■ SUPPLIED DATA ■

==*==

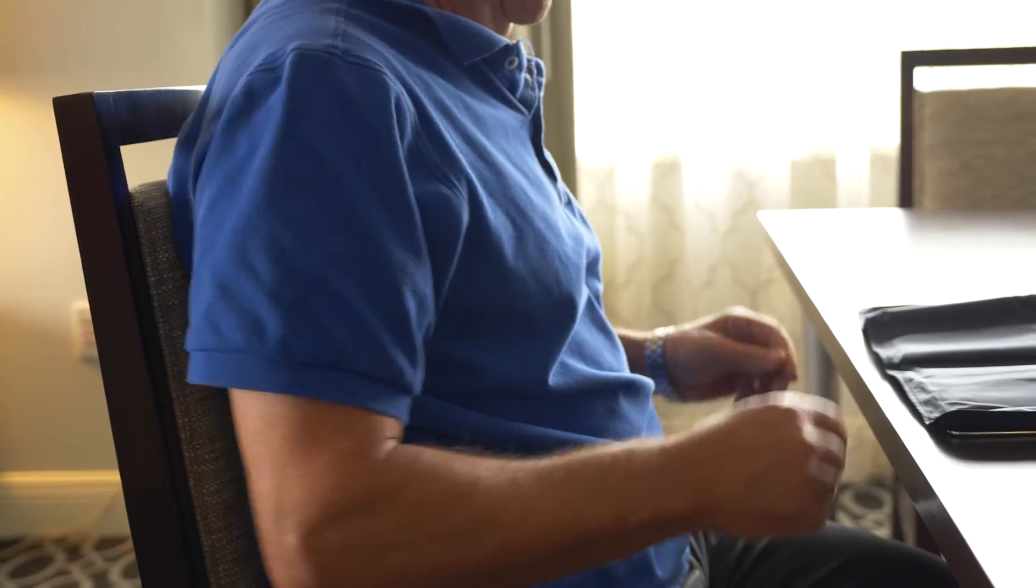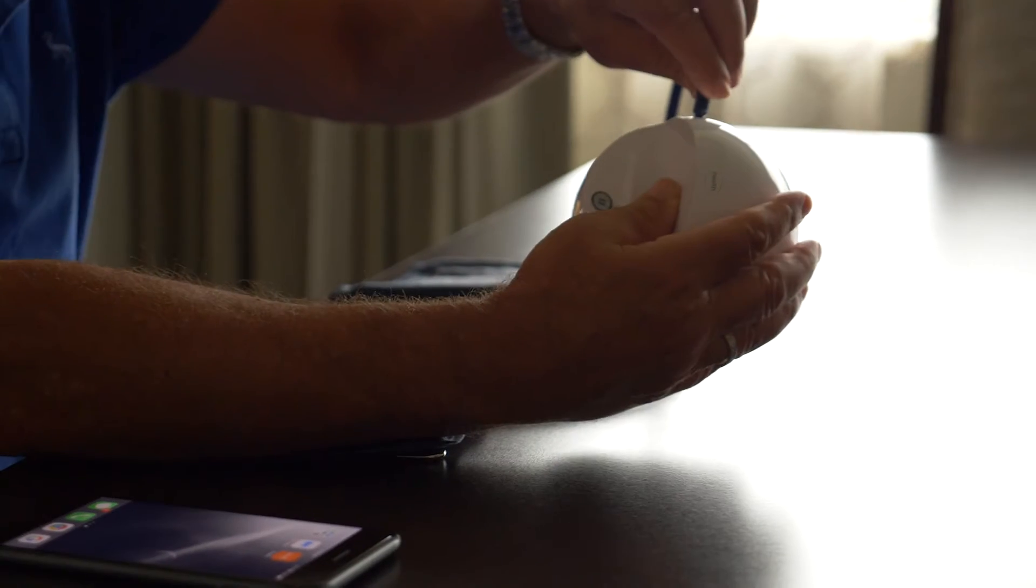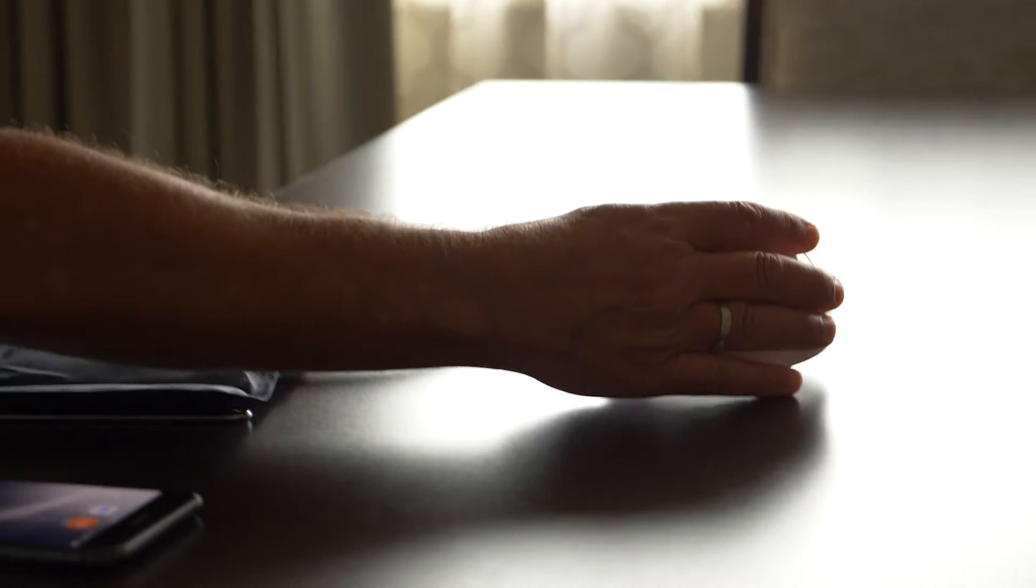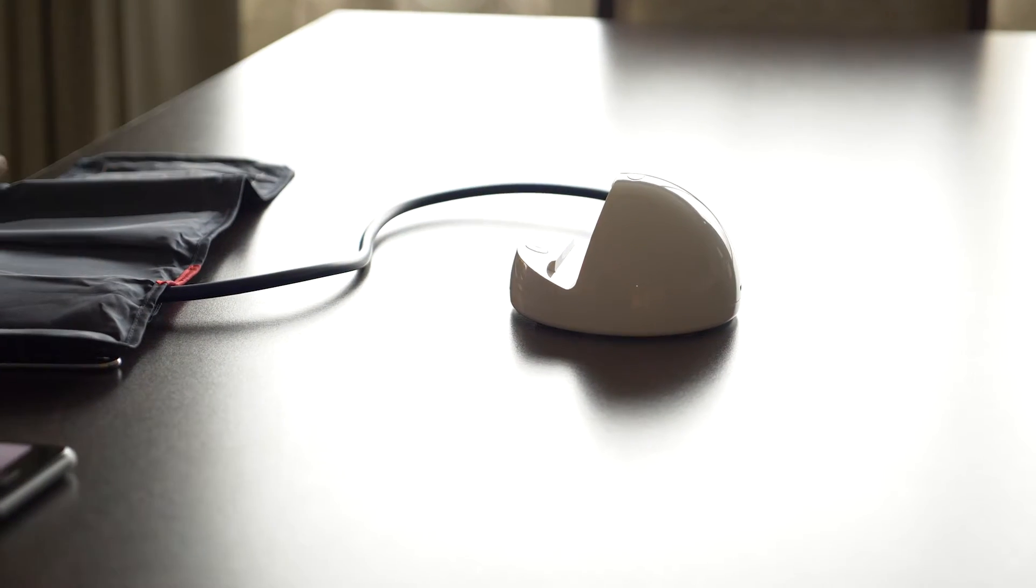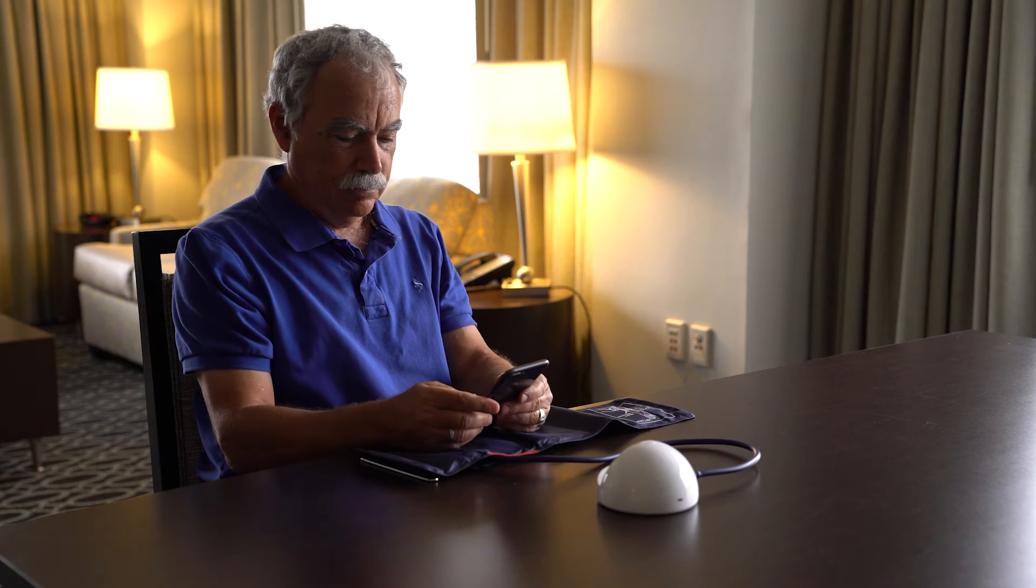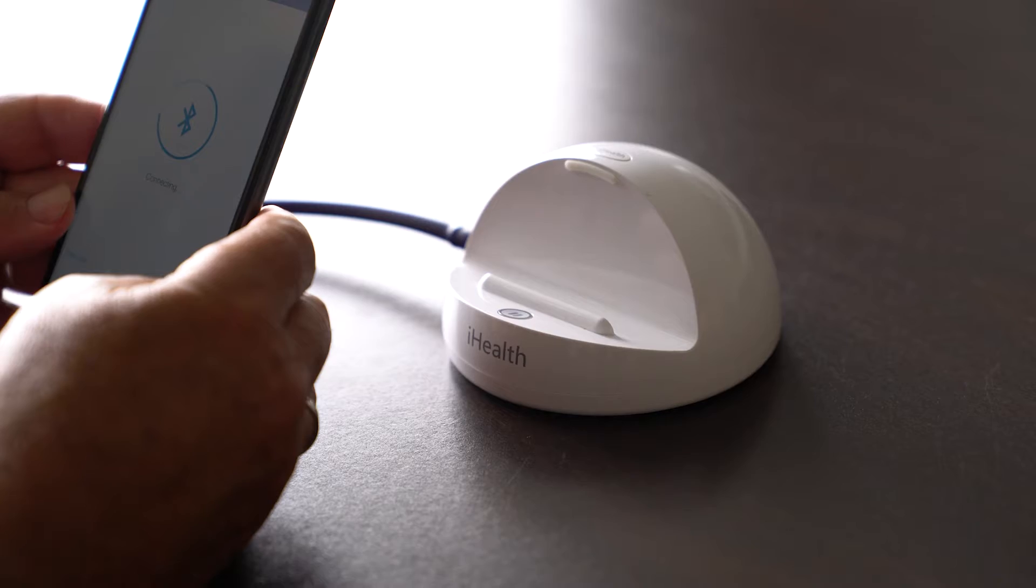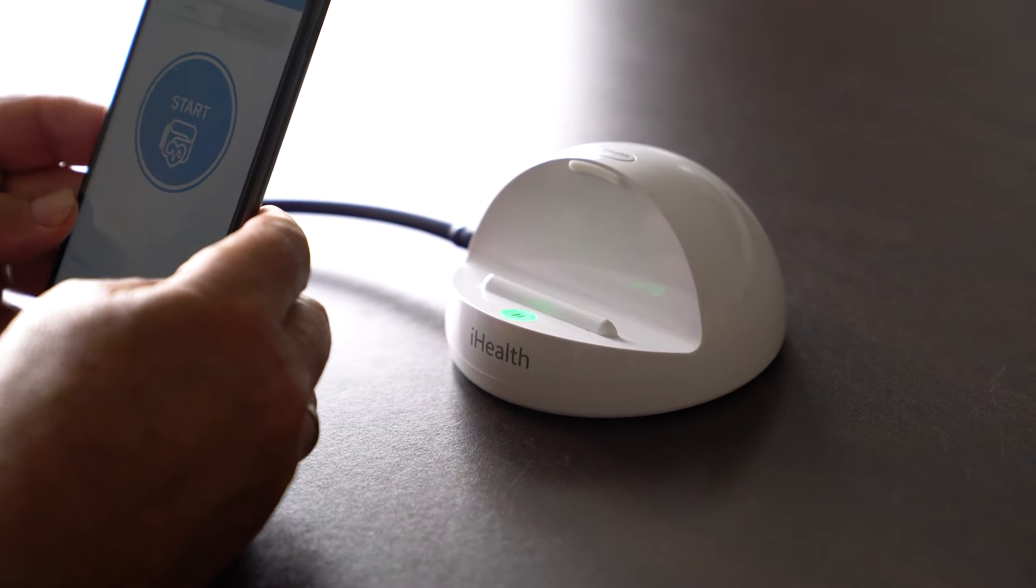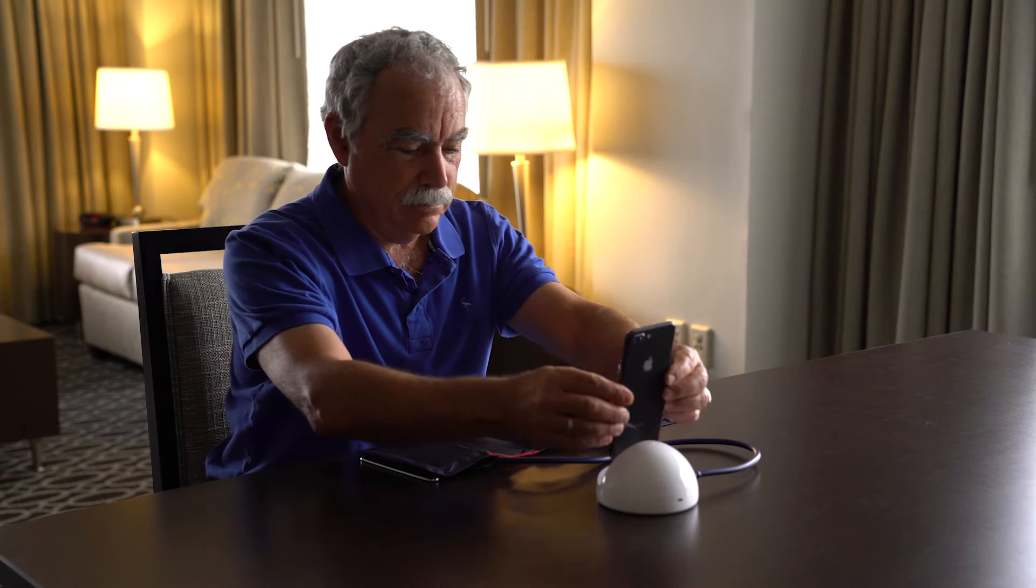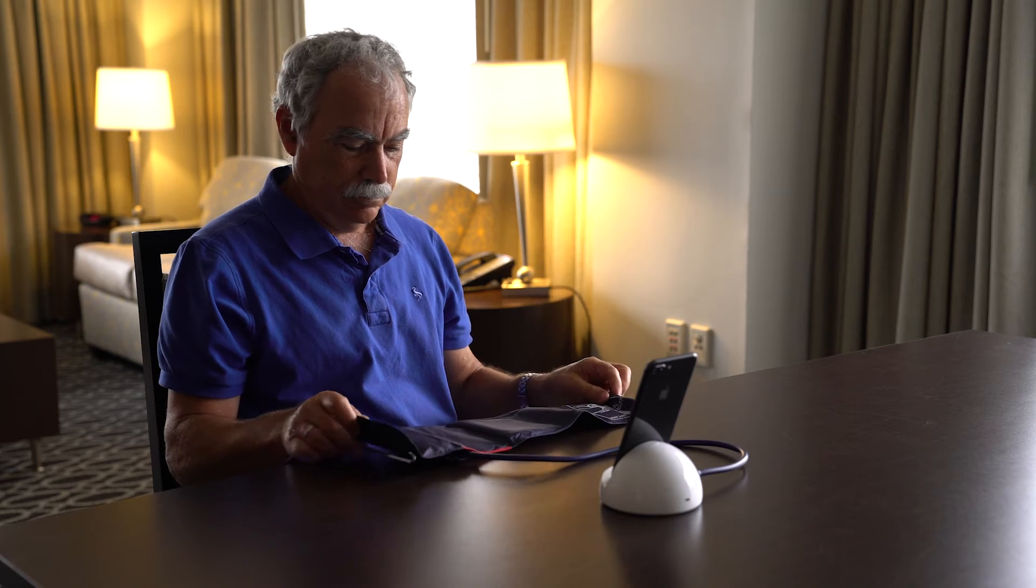If you have not already, connect the cuff hose to the dock and verify the Bluetooth is enabled on your smartphone. Then, open the application. It will take about three to six seconds for the monitor to connect with your smartphone. The green light on the dock will light up to indicate that it is connected. If you see a red light, your dock has a low battery and you'll need to plug your dock into an outlet before continuing.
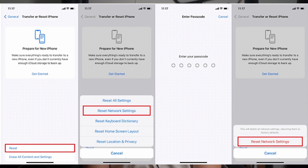Afterward, if asked, type the passcode of your iPhone and then follow the on-screen instructions to complete the process. Once the network settings are reset, connect your iPhone 15 to the Wi-Fi network again.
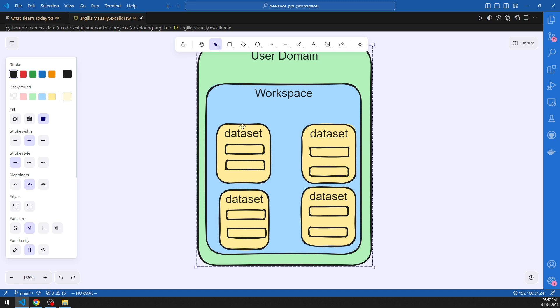Inside the workspace, it contains datasets, and the datasets are going to contain records. The hierarchy is: workspace → datasets → records. Datasets are of various types: text classification, token classification, text-to-text classification datasets, and so on. From recent updates in Argilla, these are all getting unified under the feedback dataset.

==*==

Every line above needs to be written out again as it stands. Pictures do not belong in the copy.

If you have not already, connect the cuff hose to the dock and verify the Bluetooth is enabled on your smartphone. Then, open the application. It will take about three to six seconds for the monitor to connect with your smartphone. The green light on the dock will light up to indicate that it is connected. If you see a red light, your dock has a low battery and you'll need to plug your dock into an outlet before continuing.
Afterward, if asked, type the passcode of your iPhone and then follow the on-screen instructions to complete the process. Once the network settings are reset, connect your iPhone 15 to the Wi-Fi network again.
Inside the workspace, it contains datasets, and the datasets are going to contain records. The hierarchy is: workspace → datasets → records. Datasets are of various types: text classification, token classification, text-to-text classification datasets, and so on. From recent updates in Argilla, these are all getting unified under the feedback dataset.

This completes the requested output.